However, in the course of bringing the Application to hearing, certain key questions arising from the Amended Notice of Application have been resolved by agreement, resulting in a substantial narrowing of the scope of the present review.


[12]            It is agreed that the Treasury Board made the decision to pay the FLI-FIT group the prospective pay increase paid to the CR-5 group, but it is also agreed that the Treasury Board did not actually make a decision with respect to the FLI-FIT group not receiving the retroactive pay. It is agreed that only the Treasury Board has jurisdiction to determine the pay of the FLI-FIT group, including the retroactive pay under consideration; indeed, it is agreed that the Secretariat does not have the jurisdiction to make such a decision.

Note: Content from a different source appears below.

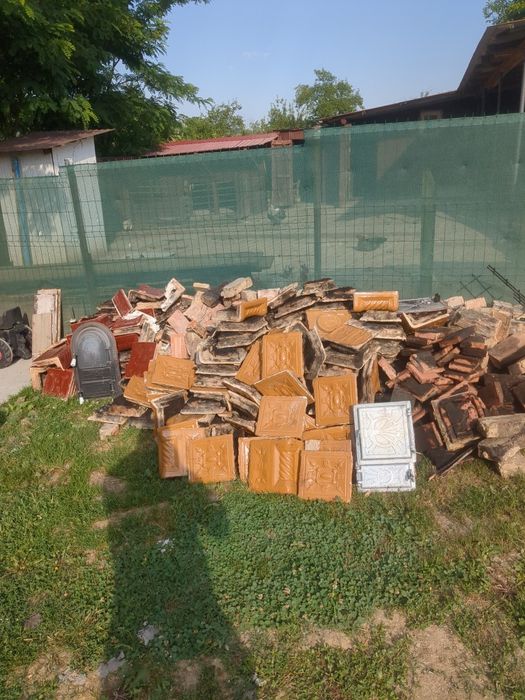 Vând doua sobe  500 lei buc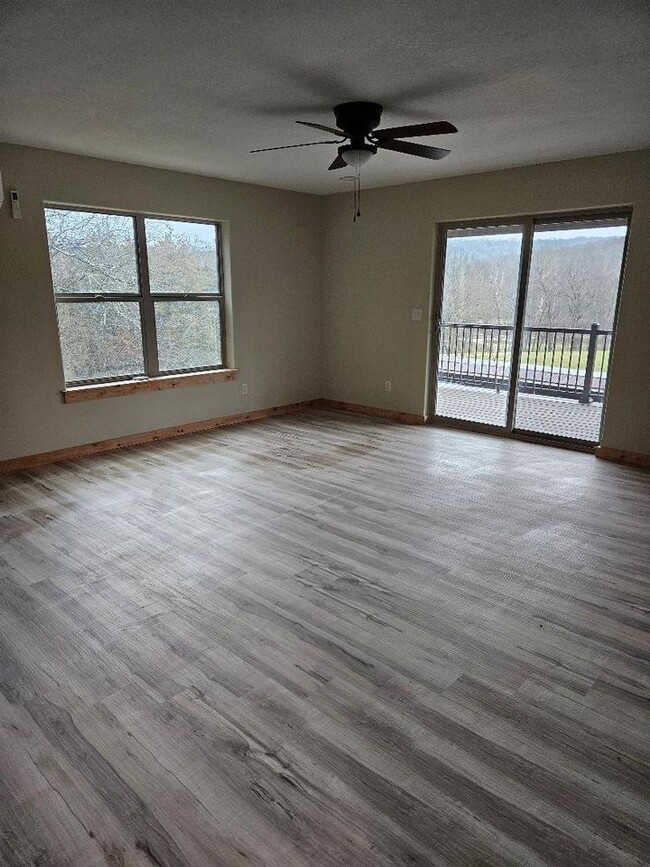 Building Photo - 550 Creek Bluff Rd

[13]            Regardless of the apparent void of decision-making within jurisdiction, with respect to the FLI-FIT group and the retroactive pay issue, two things are certain and uncontested: the Secretariat has expressed an uncontradicted rationale for why the FLI-FIT group should not receive the retroactive pay, upon which reliance can be placed in the disposition of the present Application; and the FLI-FIT group did not receive the retroactive pay.

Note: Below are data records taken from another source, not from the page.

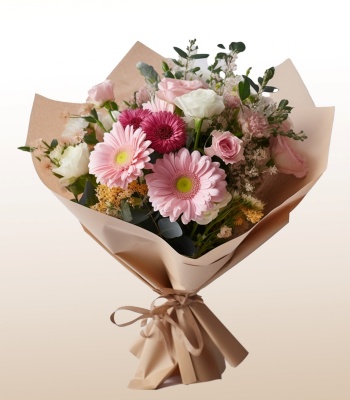 Rose and Gerbera Flower Bouquet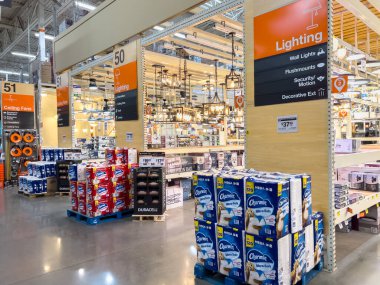 Broomfield, Colorado, ABD-22 Eylül 2024 - Bir hırdavatçı dükkanının ışıklandırma koridorunda tavan vantilatörleri, lambalar ve çeşitli ışıklandırma seçenekleri sergileniyor. Parlak endüstriyel aydınlatma rafları aydınlatıyor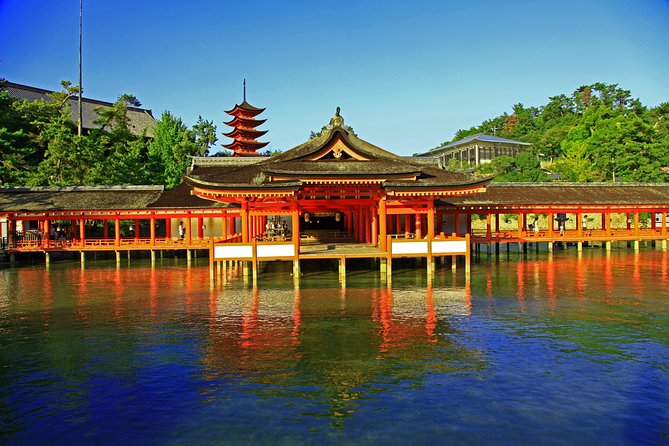 Peaceful Hiroshima & Miyajima UNESCO 1 Day Bus Tour - One day, two very different sides of Hiroshima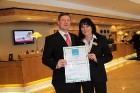 Radisson Blu Hotel Daugava pārstāvji, saņemot Zaļās atslēgas sertifikātu 11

[14]            The Applicant, as a member of the FLI-FIT group, takes the position that she has a right to the retroactive pay. With respect to enforcing the right claimed by way of judicial review and application of s.18.1 of the Federal Courts Act, during the course of conduct of the present Application, Counsel for the Applicant agreed not to seek an order of mandamus against the Treasury Board, on the basis of the Respondent's advice that the Treasury Board would abide by any declarations made by the Court with respect to the entitlement of the FLI-FIT group to the retroactive wage adjustment (Applicant's Memorandum of Fact and Law, para. 22).

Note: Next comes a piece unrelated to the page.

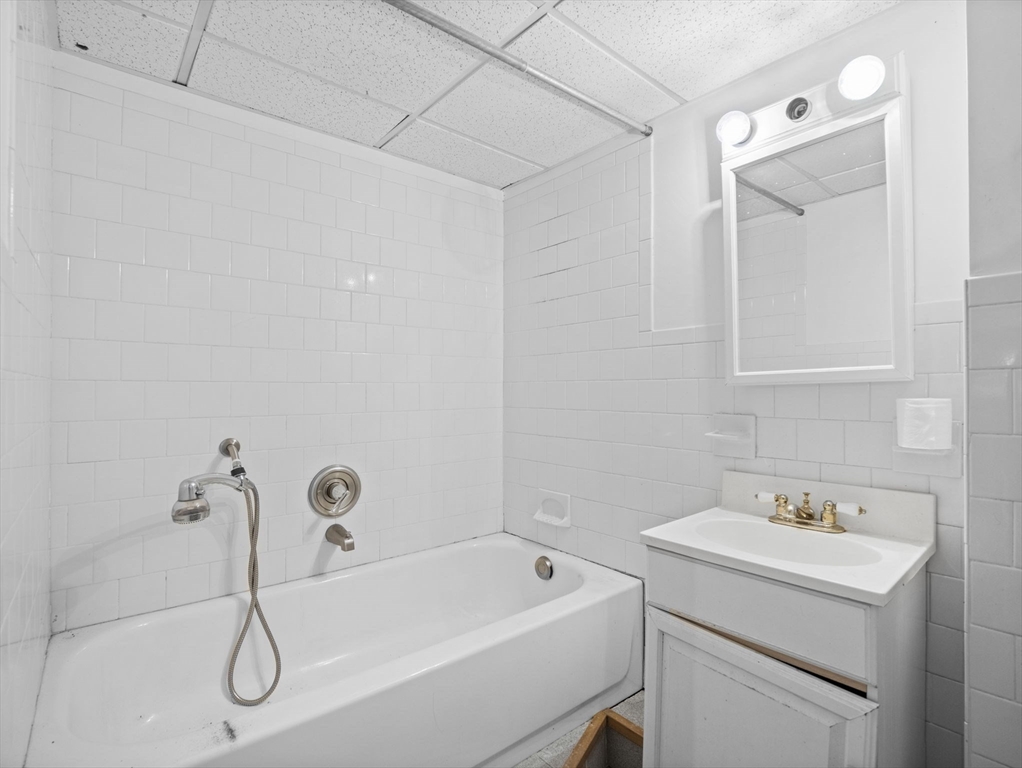 Boston, Massachusetts 02121, United States, 9 Bedrooms Bedrooms, ,3 BathroomsBathrooms,Residential,Active,139321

[15]            The Court's jurisdiction to order a declaration is provided in s.18.1(3)(b) of the Federal Courts Act as follows:

Powers of Federal Court

(3) On an application for judicial review, the Federal Court may

(a) order a federal board, commission or other tribunal to do any act or thing it has unlawfully failed or refused to do or has unreasonably delayed in doing; or

b) declare invalid or unlawful, or quash, set aside or set aside and refer back for determination in accordance with such directions as it considers to be appropriate, prohibit or restrain, a decision, order, act or proceeding of a federal board, commission or other tribunal.

[Emphasis added]

Pouvoirs de la Cour fédérale

(3) Sur présentation d'une demande de contrôle judiciaire, la Cour fédérale peut:

(a) ordonner à l'office fédéral en cause d'accomplir tout acte qu'il a illégalement omis ou refusé d'accomplir ou dont il a retardé l'exécution de manière déraisonnable;

(b) déclarer nul ou illégal, ou annuler, ou infirmer et renvoyer pour jugement conformément aux instructions qu'elle estime appropriées, ou prohiber ou encore restreindre toute décision, ordonnance, procédure ou tout autre acte de l'office fédéral.

[je souligne]         

In the course of the oral hearing of the present Application, I initially questioned whether the Court has jurisdiction to determine the Application since no "decision, order, or act" had resulted in the FLI-FIT group not receiving the retroactive pay. However, upon reflection, I proposed, and Counsel agreed, that the Court does have jurisdiction to exercise declaratory power with respect to the "proceeding" under review, being the process whereby the FLI-FIT group's pay is determined.


[16]            It is not disputed that the circumstances under which a declaration can be given is limited. The requirements for establishing a claim for declaratory relief as stated by Justice Joyal in Dee v. Canada (Minister of Employment and Immigration), [1987] F.C.J. No. 1158 (F.C.T.D.) at page 5 are as follows:

[...] With respect to any claim in Court for a declaratory judgment, there must first be a justiciable issue to be tried. This is tantamount to saying that a plaintiff must come before a Court for a determination of his legal rights. He cannot, under the cover of meticulous drafting, invite a Court to make declarations of rights which are not legal rights or to lure a Court into making orders which it has no jurisdiction to make.

[...]

On the subject of declaratory rights, the Chief Justice of Nova Scotia in Attorney-General of Nova Scotia et al. v. Bedford Service Commission (1976), 72 D.L.R. (3d) 639, put it this way at page 646:

Declarations may thus be granted to define or declare a legal right of a plaintiff, ... The obverse of that principle is that non-legal matters of morality, politics, the propriety of administrative practices (where not illegal), or the wisdom or fairness of governmental action (where not illegal) cannot be the subject of a declaratory action or indeed of any traditional Court action.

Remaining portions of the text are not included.